滋賀県の農業は近江牛などで畜産も知られているが、県内耕作面積の92%が水田、農業粗生産額の64.5%がコメというように稲作が中心となっている。いま滋賀県では、行政とJAグループを中心に「近江米ECOライス戦略」に取組んでいる。
ECOとは、Ecology(エコロジー)Cost-down(コストダウン)Oishii(おいしい)のことで、「土づくりにもとづく良食味米づくりを行い、徹底して食味を重視した環境調和型稲作に取組むこと」だと、近江米振興協会の総括指導員・山本良三さん。

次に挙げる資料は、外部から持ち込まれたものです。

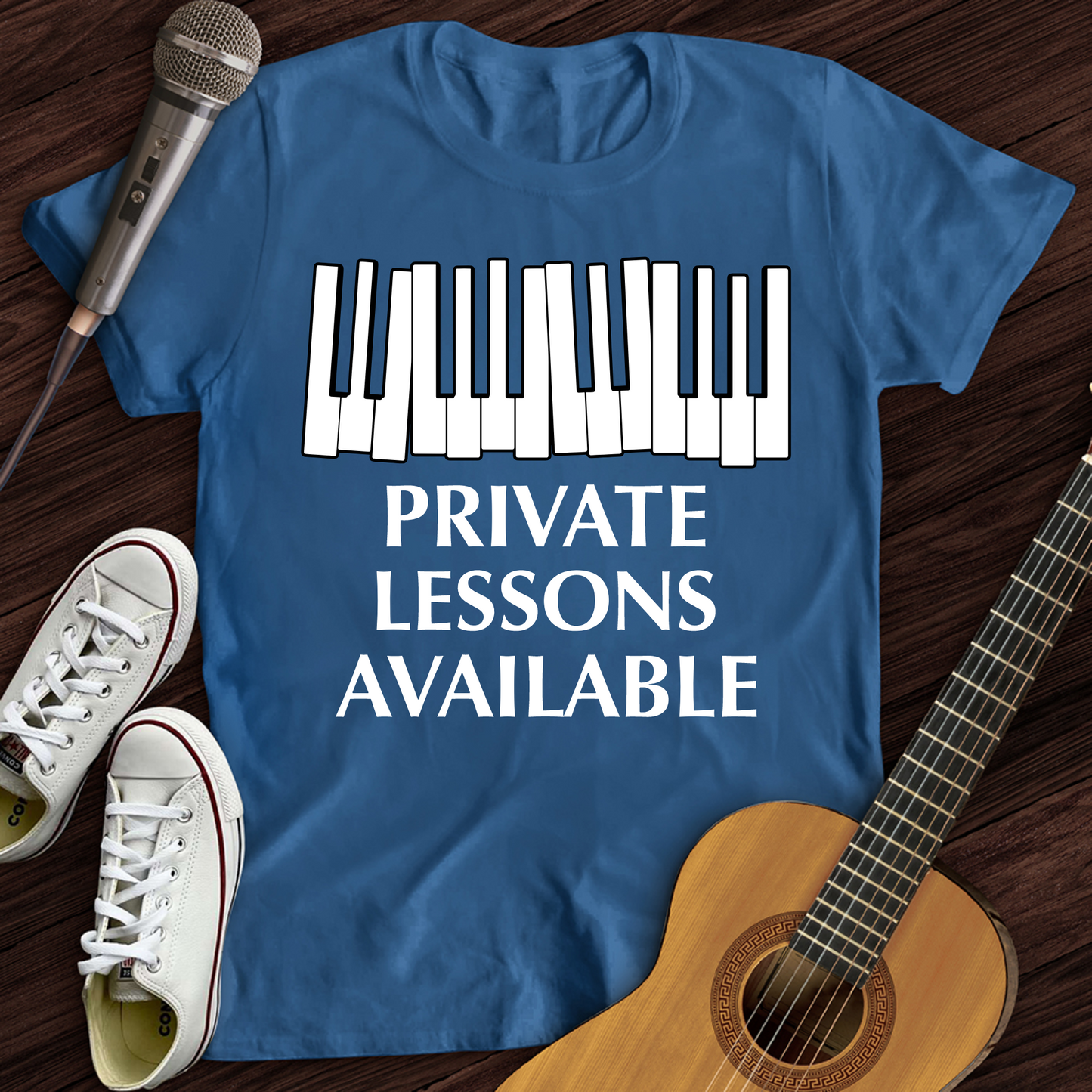 Private Lessons Available T-Shirt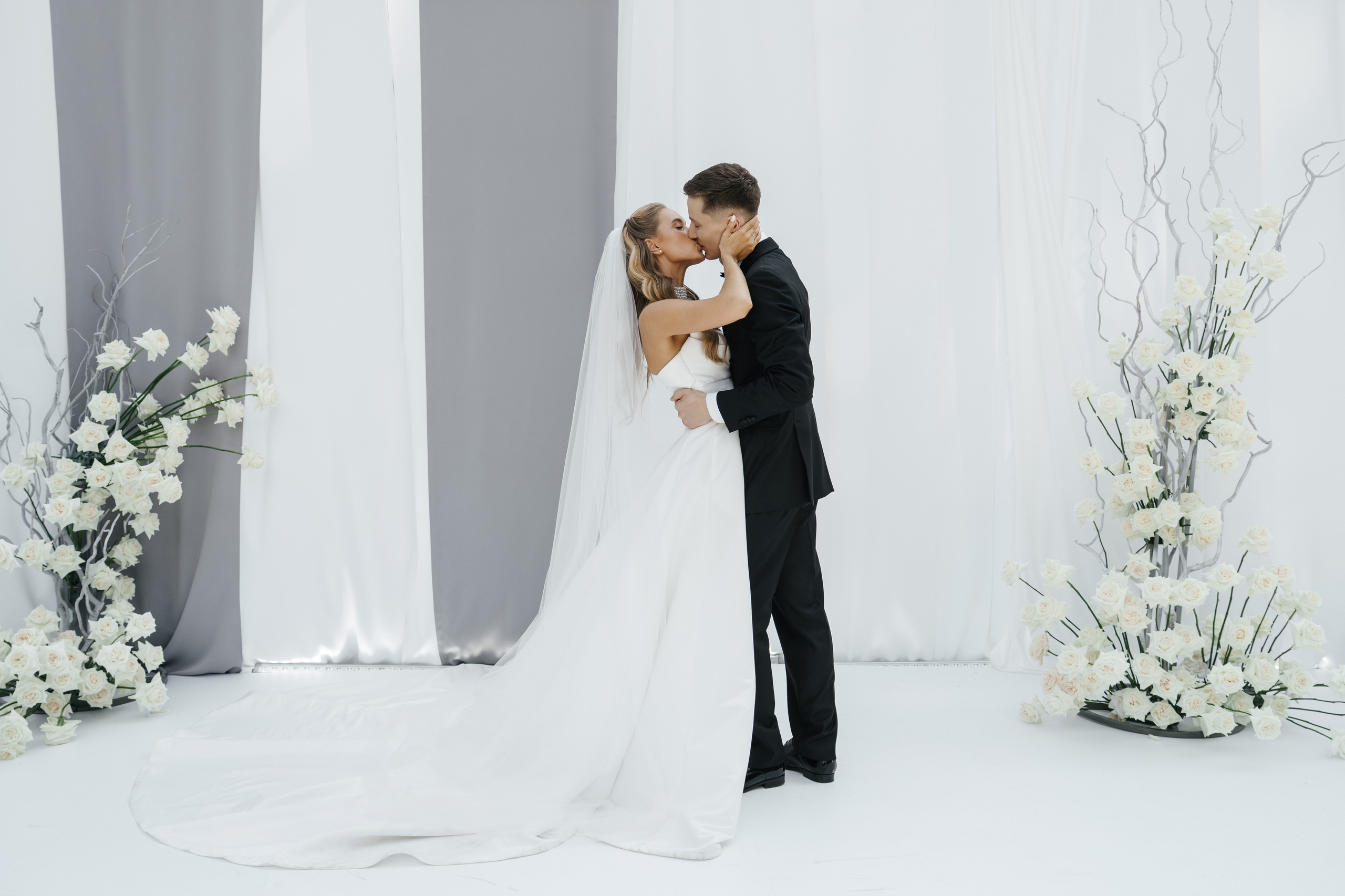 Свадьба в белом цвете. Свадебный организатор Марина Корсакова, Барнаул, Бийск, Алтайский край, Горный Алтай, Новосибирск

目指すのは、タンパク質6.5%・水分15%・整粒歩合80%の「ピュア80」で、近江米振興協会は、良食味米栽培指針、CEや農業倉庫での保管管理を含めた品質チェックの徹底、良食味米・ピュア80の認証制度の実施など、良食味米づくりを支援している。
◆ CEとRCで県産米の半分を処理
環境に配慮した稲作としては、省化学肥料栽培の普及啓発、緩行性肥料の利用促進、農業系流出排水の削減に向けた流出防止装置の普及に取組んでいるが、肥料の流出を軽減する施肥田植機の普及率はすでに50%を超え全国のトップクラスだという。また、独自の防除基準にもとづく防除、農薬の適正使用の指導によって、10aあたり農薬費は全国平均の80%にまで削減されている。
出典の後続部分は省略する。